Over the decade and more of work experience, his track record was excellent barring the unpleasant exit from multinational politics. He had left that behind and moved on with the new company that had offered him a challenge and opportunity to regrow his self-esteem. Driving a mean timeline, he had brought change that appeared difficult, and also created new avenues for growth. The company attempted to retain him but greener pastures beckoned him; he had left with bridges intact, the company also treating him well during the short notice period.
The surprise call from his ex-manager was to seek information on the last project he had worked upon which was well received as the strategy forward; the caller also requested two days of time in the coming weeks to travel abroad for a strategic presentation which would help in reinforcing the decision. He very much wanted to help his friend and now mentor; he also knew that he will have to take permission from his current company and manager to travel on behalf of his earlier company; so he promised to check and revert.
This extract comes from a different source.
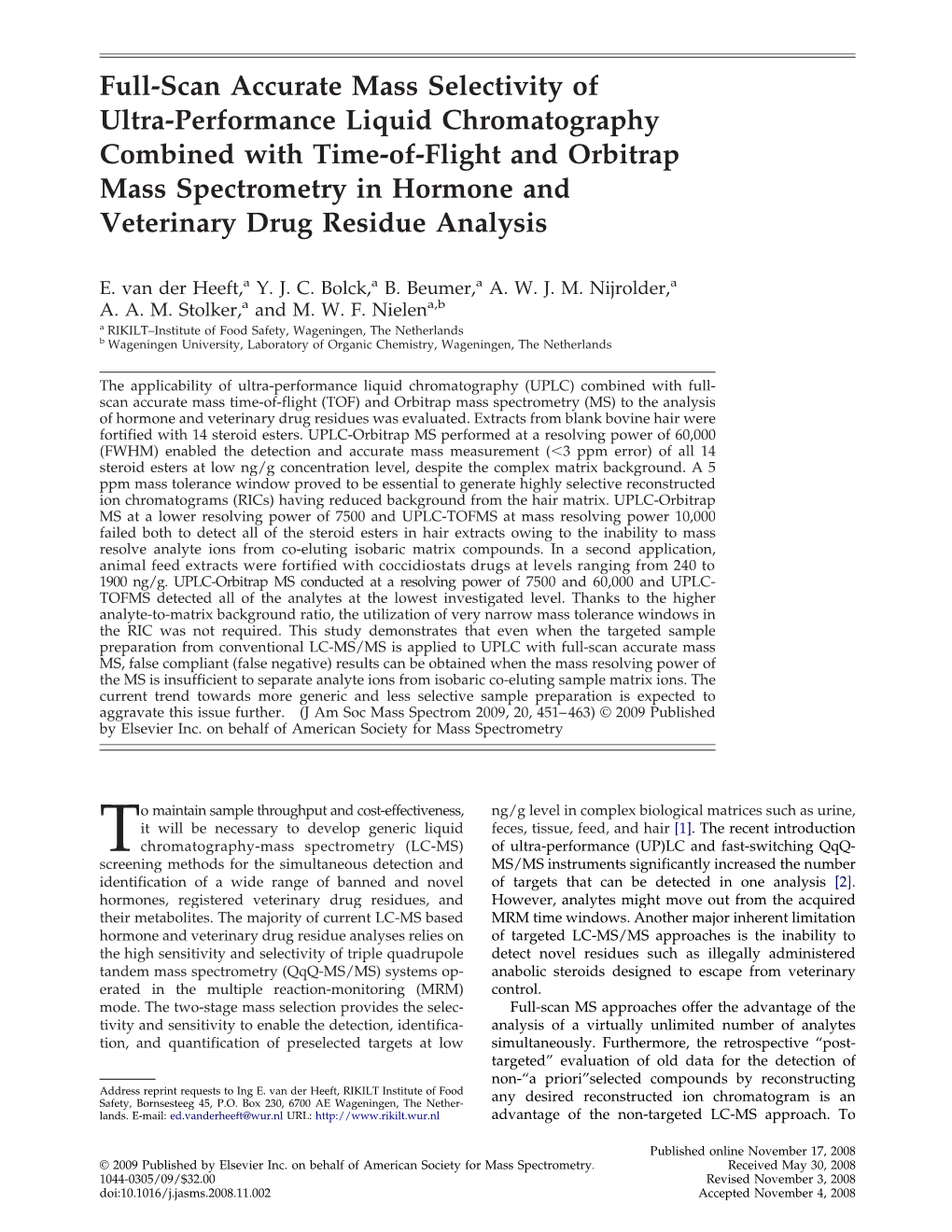 Full-Scan Accurate Mass Selectivity of Ultra-Performance Liquid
Tentatively he broached the subject with his CEO, outlining the request and his desire to acquiesce; in the two months that he had spent in the new entity, he had been quick to fit into the team and role while demonstrating his skills as a people’s person in his team. The agenda for the year was charted out and required his unwavering dedication and attention to execution. The CEO looked at his face which implored a positive decision and granted permission to travel; he realized the value his new hire could create even for his company.
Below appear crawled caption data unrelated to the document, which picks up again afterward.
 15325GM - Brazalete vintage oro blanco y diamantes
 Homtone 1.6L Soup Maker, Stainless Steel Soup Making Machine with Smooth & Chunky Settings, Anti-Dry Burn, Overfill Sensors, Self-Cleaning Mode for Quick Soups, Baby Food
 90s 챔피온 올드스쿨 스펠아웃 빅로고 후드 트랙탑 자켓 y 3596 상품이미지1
The CXO had had a miserable time in his last few months in the role; unable to manage the growing political patronage across functions, he was unable to compromise his professional pride and bend to the now omnipresent sycophancy. Barring his team and a few who had felt the difference he had brought to the enterprise, no one shed tears when he left. The traditional farewell party was held with the usual speeches and gift, which had most people wanting to leave as soon as possible without looking rude.
He faded away while he did leave a legacy that became evident after few years when practitioners of servility unable to survive the pressure had been eased out of the company. For the company the resultant setback was difficult to manage; they had incinerated the bridge that binds an ex-employee to the company where high performers spend a large portion of life devoting time, energy, sweat and blood to not just do a job, but build a legacy. Two years later, this continues to haunt the company with suboptimal performance with resultant impact on shareholder value.
Even if the second company had to approach the CXO to assist with their woes, it is highly improbable that he would have accepted the offer. There was no emotional connect, no binding force that would have triggered a thought to help a company which had treated him with ignominy during the last few months and subsequent notice period. The clean break by the CXO closed any avenues that anyone could have explored. In a soft mood he was tempted to reach out; he inquired with other ex-colleagues only to be firmly advised against it.
To create and sustain goodwill, it requires equal effort on part of the departing employee as well as the enterprise; enterprise culture determines in large part the behavior of HR and Managers on how they treat past employees. Some alumni groups on the internet and social media portray a scary picture of such enterprises dissuading potential talent to explore opportunities. I believe that the onus to a large extent lies on enterprise to create brand ambassadors by spreading good will to attract and retain their most valued assets.